Material to process: Begin

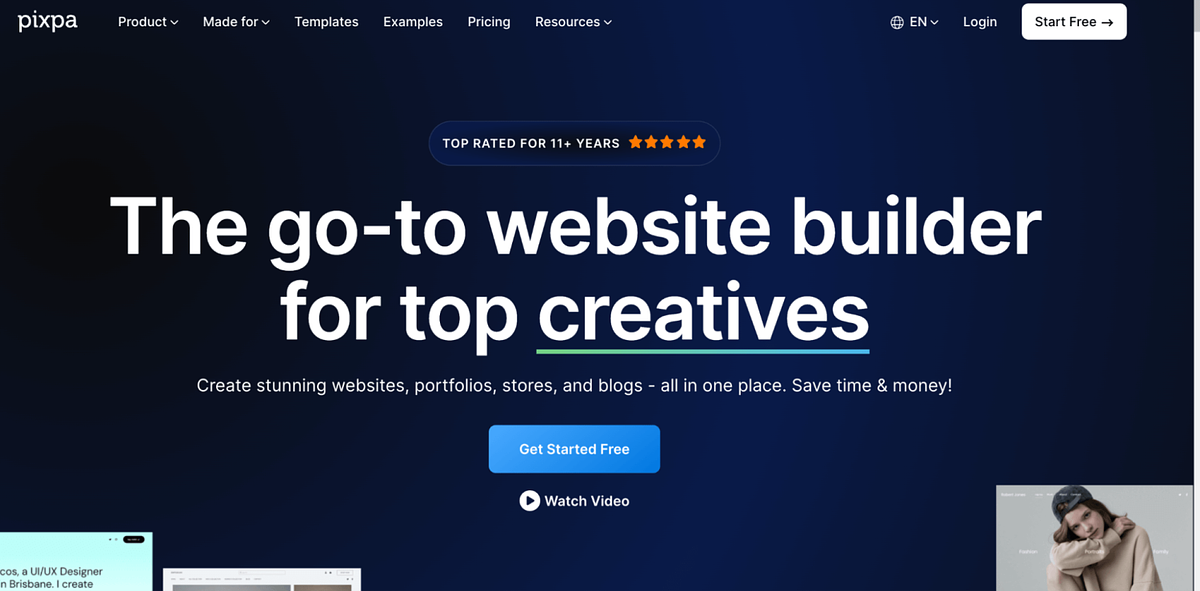 Screenshot of Pixpa's homepage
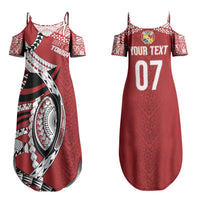 Mate Ma'a Tonga Rugby Custom Kupesi Motifs Couples Matching Summer Maxi Dress and Long Sleeve Button Shirt Red Waves LT7 - Polynesian Pride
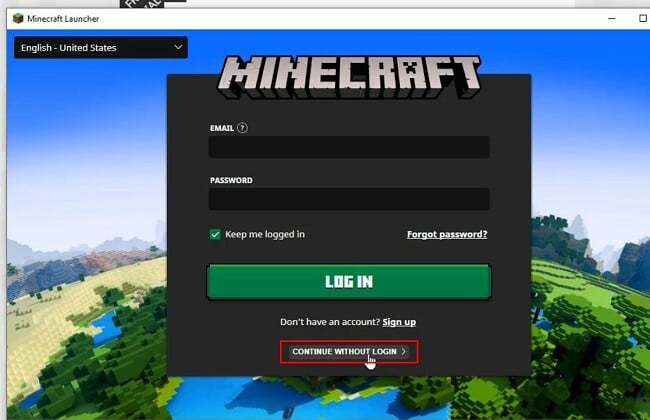 Halaman Login MineCraft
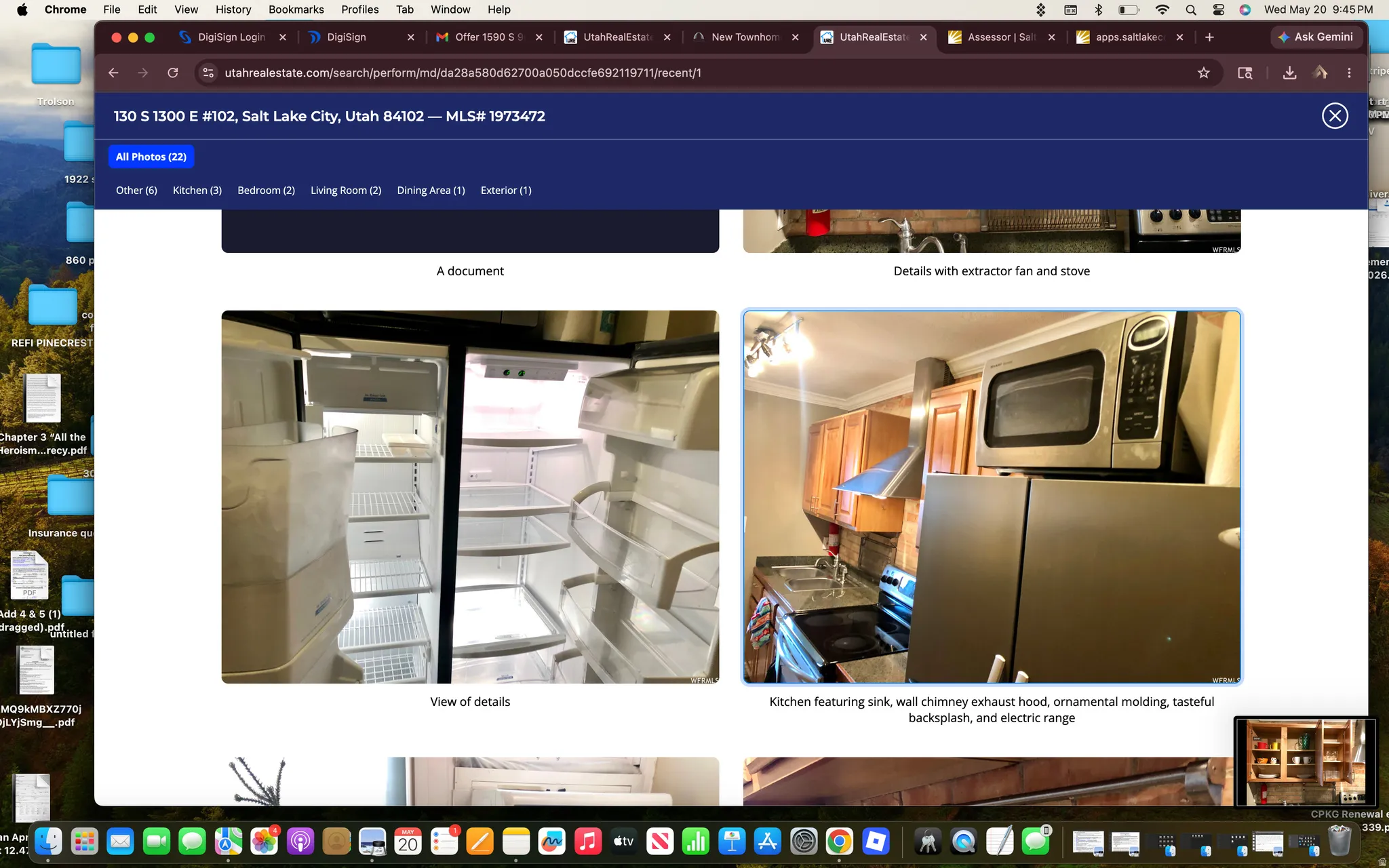 Online Listing, Property Photos. Depicting an empty refrigerator and a kitchen area with appliances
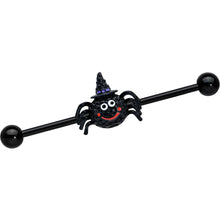 Load image into Gallery viewer, 14G Black Halloween Smiling Witch Spider Industrial Barbell 38mm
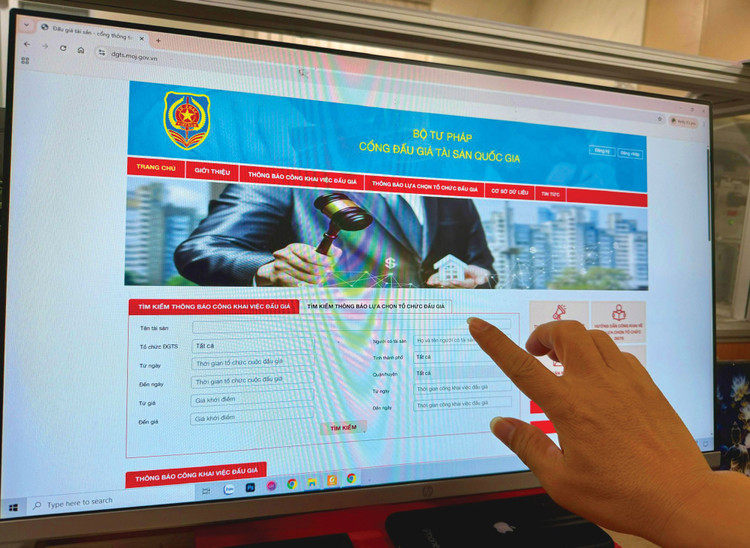 Cổng đấu giá tài sản quốc gia hiện chỉ thực hiện chức năng quản lý, công bố thông tin. Ảnh: Lê Chiến Thắng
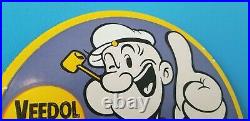 Vintage Popeye Veedol Flying A Porcelain Gasoline & Motor Oil Service Pump Sign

Material to process: End

# Task goal:
Print every record above exactly, with no pictures.

# Exercise result:
 Screenshot of Pixpa's homepage
 Mate Ma'a Tonga Rugby Custom Kupesi Motifs Couples Matching Summer Maxi Dress and Long Sleeve Button Shirt Red Waves LT7 - Polynesian Pride
 Halaman Login MineCraft
 Online Listing, Property Photos. Depicting an empty refrigerator and a kitchen area with appliances
 Load image into Gallery viewer, 14G Black Halloween Smiling Witch Spider Industrial Barbell 38mm
 Cổng đấu giá tài sản quốc gia hiện chỉ thực hiện chức năng quản lý, công bố thông tin. Ảnh: Lê Chiến Thắng
 Vintage Popeye Veedol Flying A Porcelain Gasoline & Motor Oil Service Pump Sign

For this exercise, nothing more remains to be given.